Cyrus Vance Jr.:            Of course.

Preet Bharara:              And what do you do about explaining to folks day after day, after day, there are all these non-controversial cases that get brought that the most estimable public servants bring with the highest degree of professionalism and integrity and justice is one for so many ordinary people, but it’s just not going to be on the front page of The New York Times?

Cyrus Vance Jr.:            Right. I think it’s a frustration that you experience and that I experience. When I just think of for example, gun violence and economically disadvantaged neighborhoods, those cases have been the subject of terrific, intense investigations by your office, by our office and for a long period, had enormous success in making those communities safer. Not that much interest in that story, but give me a more important issue than gun violence and I would say there probably isn’t any more important interests than the safety of our citizens from being shot and killed.

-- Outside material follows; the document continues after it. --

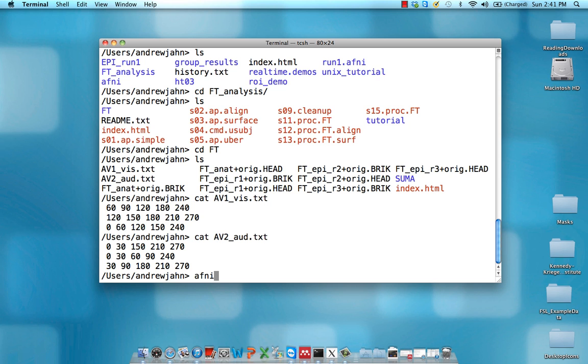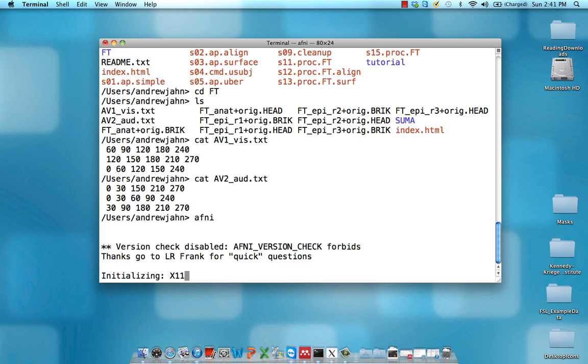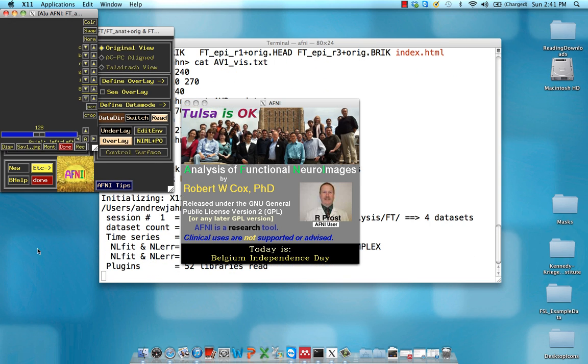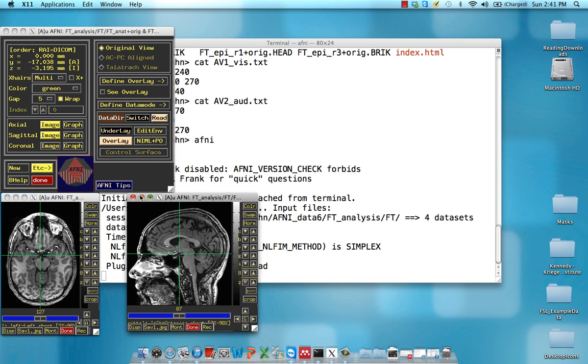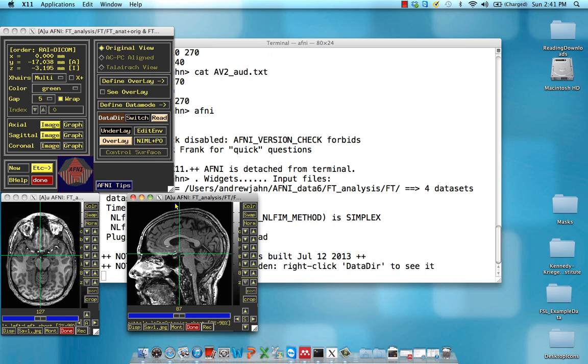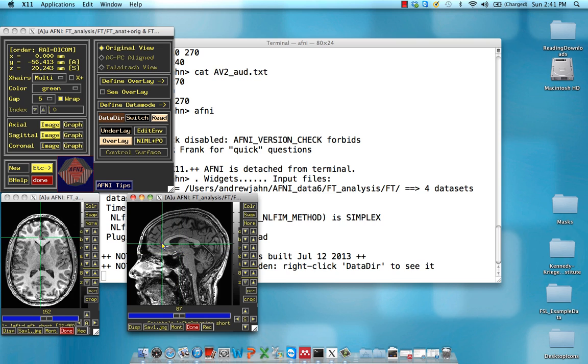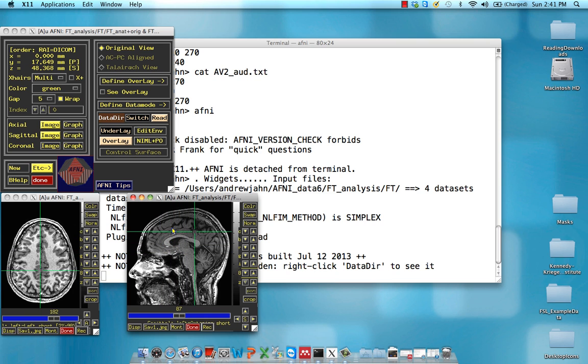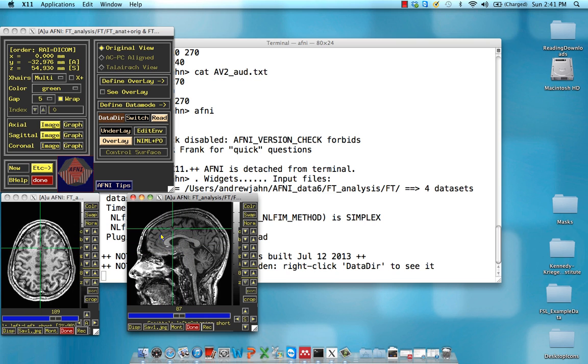Lastly, just open up AFNI to take a look at the data. It's going to automatically load this anatomical dataset. Nothing too surprising there, just make sure it looks okay.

There are other crimes which are justice serious, but that’s as serious as any. And it just doesn’t resonate in most of the reporting that covers criminal justice.

Preet Bharara:              It’s the way it is. I want to ask you about what you refer to as an evolution in prosecutorial thinking and other broad decisions you’ve made to not prosecute certain kinds of things. I think that’s where we’re heading and I think that’s very important for people to understand, but a preliminary question I’m going to ask you that is probably quite over-broad, but really a critical question in any discussion about criminal justice and law enforcement. And that is the degree to which race is still a defining problem in how law enforcement is accomplished and justice is achieved.

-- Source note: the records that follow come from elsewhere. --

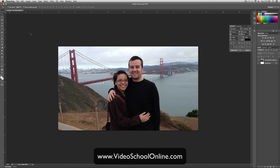Hey, what's up? This is Phil Ebner with VideoSchoolOnline.com bringing you another great Photoshop tutorial. Today I want to teach you how to make a photo appear through text — one of the easiest ways to do it. I added this great picture of my girlfriend and I before we moved up to San Francisco. We visited the Golden Gate Bridge.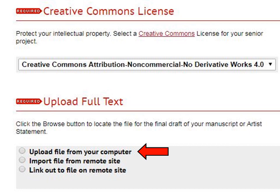Next is the Upload Full Text section. This is where you upload your senior project file to Digital Commons. If you choose the first option, Upload File from Your Computer, you can find the PDF or Microsoft Word document on your computer and upload it. If you are using Google Docs, please export your file as a PDF, as that preserves formatting. If you are linking out remotely to audio or video, you can choose the final option, link out to a file on remote site, and provide a link.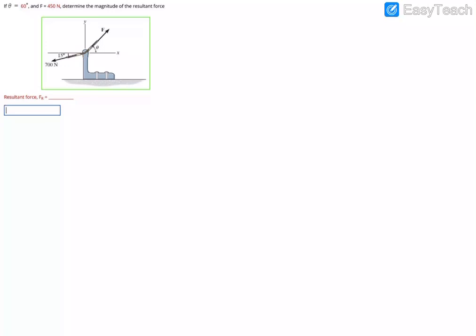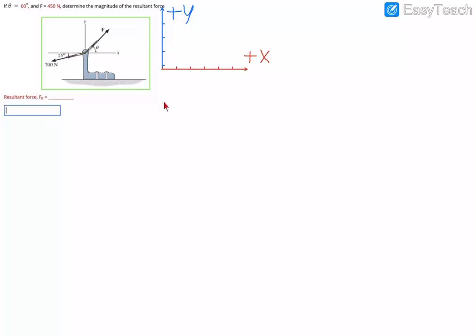First, we define a coordinate system. The positive x direction is to the right, and the positive y direction is upward. This means any force pointing right is positive x, left is negative x, up is positive y, and down is negative y.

So discuss that in a couple of minutes, and then we’ll get to specifics because from what I understand, some of these decisions you’re making relate in large measure to the issue of race and discrimination that exists still in New York City.

Cyrus Vance Jr.:            When I ran for district attorney with my experience, having come from trial practice of criminal defense, I wanted to evaluate the Manhattan district attorney’s office in terms of statistical outcomes of cases and whether they reflected implicit bias. I don’t think our office engages in explicit bias, but implicit bias, we all are subject to that to a degree. And so I brought the Vera Institute of justice into our office in 2012, and they did about a two year review of our sentencing recommendations, charging decisions, bail requests on a large number of cases and issued a report, I think in 2015, which we are going to be updating within the next six months.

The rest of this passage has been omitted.